Öncelikle yapılan ilk iki değişiklik bakımından, internet haber sitelerine yönelik olan değişiklikler, internet ve sosyal medyanın hayatımızda çok büyük bir yer kaplaması ve artık eski usul haberleşme kanallarının önüne geçtiğini ve insanların gündemi yoğun bir şekilde takip ettiği bu kanalların da düzenleme içerisine alınmasına yönelik olduğunu ve düzenin sağlanmasının gerekliliği bakımından yerinde olabilecek bir değişiklik olarak yorumlanabilir.

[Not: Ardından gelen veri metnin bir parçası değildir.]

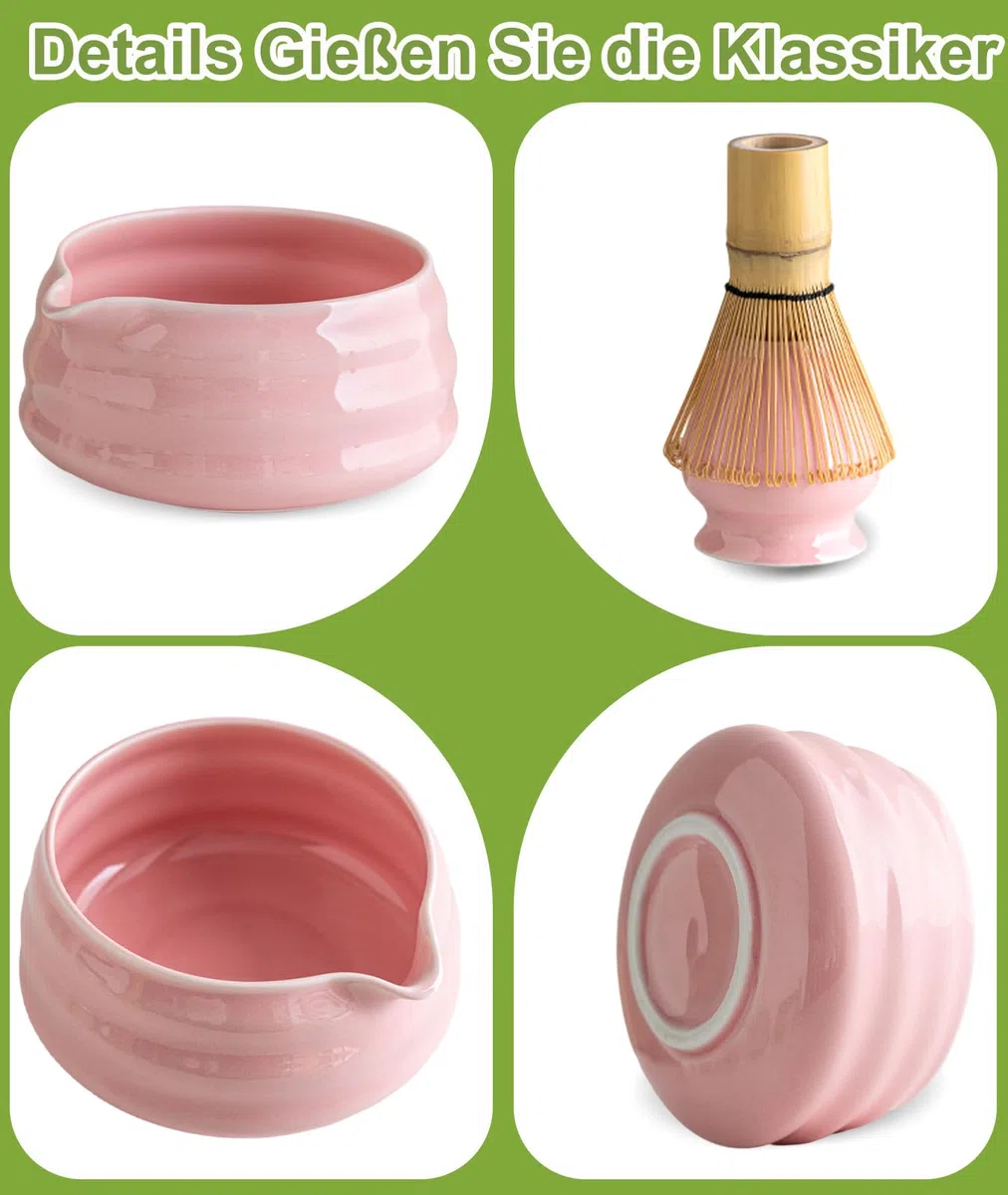 JBER Matcha Besen Set, Matcha Set Rosa 7-Teiliges - Bambus Matcha Besen und Besenhalter, Matcha Schale mit Auslauf, Sieb, Löffel und Halter, Japanisches Matcha Tee Set für Matcha-Liebhaber - Pink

İnternetin hayatımıza girmesiyle birlikte çoğunlukla her türlü bilgiye erişimin sağlandığı internet haber siteleri ve sosyal medya mecraları basın kurumu sayılması gerektiği yerinde olmakla birlikte, elbette ki topluma uygunluk bakımından denetlenmeye de mecburdur ancak denetlemenin ne şekilde yapılacağı ve kuralları, kurallara uyulmaması halinde uygulanacak yaptırımlar düzenlenirken başvurulması gereken yer de yine kendilerinden olan basın meslek kuruluşları olmalıdır. Bu alanda yapılan düzenlemelere yönelik en doğru dönüşler yine işi yürütenlerden gelecektir. Öyle ki, bu şekilde yapılan düzenlemeler amacına ulaşması bakımından istenilen sonuca ulaşmakta eksik kalabilecektir.

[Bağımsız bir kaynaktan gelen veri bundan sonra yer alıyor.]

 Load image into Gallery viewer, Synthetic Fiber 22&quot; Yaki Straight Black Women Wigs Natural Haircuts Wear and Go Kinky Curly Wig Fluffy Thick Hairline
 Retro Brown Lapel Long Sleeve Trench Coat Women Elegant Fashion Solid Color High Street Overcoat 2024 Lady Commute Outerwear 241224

On iki maddelik düzenlemede ise her ne kadar haberin şeffaflığı ve doğru olması gerektiği ve kişilerin doğru habere ulaşmasının önemine, yanlış haberler bakımından yapılması gerekenler izlenecek hukuki süreç düzenlenmiş olsa da haberi yapan kişilerin kimliğini ifşa etmek ve ağır yaptırımlar uygulanması gibi sonuçlar doğurabileceği tartışması gündeme gelmektedir. Bu durum kişilerin haber yaparken veya bir haber hakkında yorumda bulunurken özgürce düşüncelerini beyan etmelerine engel bir durum mudur bu durum söz konusu düzenlemelerdeki incelenmesi gereken en önemli hususlardan biridir. Uygulanacak olan yaptırımların caydırıcı olması önemli olduğu kadar bu yaptırımların ağırlık boyutu da yeterince değerlendirilmelidir. Ayrıca basın kartı verilmesine ilişkin düzenleme, her ne kadar internet habercilerinin de basın ayrıcalığına sahip olması ve yetkilerini gerektiği gibi kullanabilmesi bakımından güzel bir düzenleme olsa da burada da basın kartına başvuru ve basın kartı alacak kişilerin niteliğinin iyi değerlendirilmesi ve basın kartı ayrıcalığının ortadan kalkıp kalkmayacağı hususuna dikkat çekilmelidir. Bu durumu ise en iyi değerlendirecek olanlar yine basın meslek kuruluşlarından başkası değildir. Basın kartı komisyonunun üye sayısının arttırılması ise başvuruların artacak olması dolayısıyla iş yüküne ilişkin olarak mı düzenlenmiştir, tartışmaya açık bir konu olmuştur.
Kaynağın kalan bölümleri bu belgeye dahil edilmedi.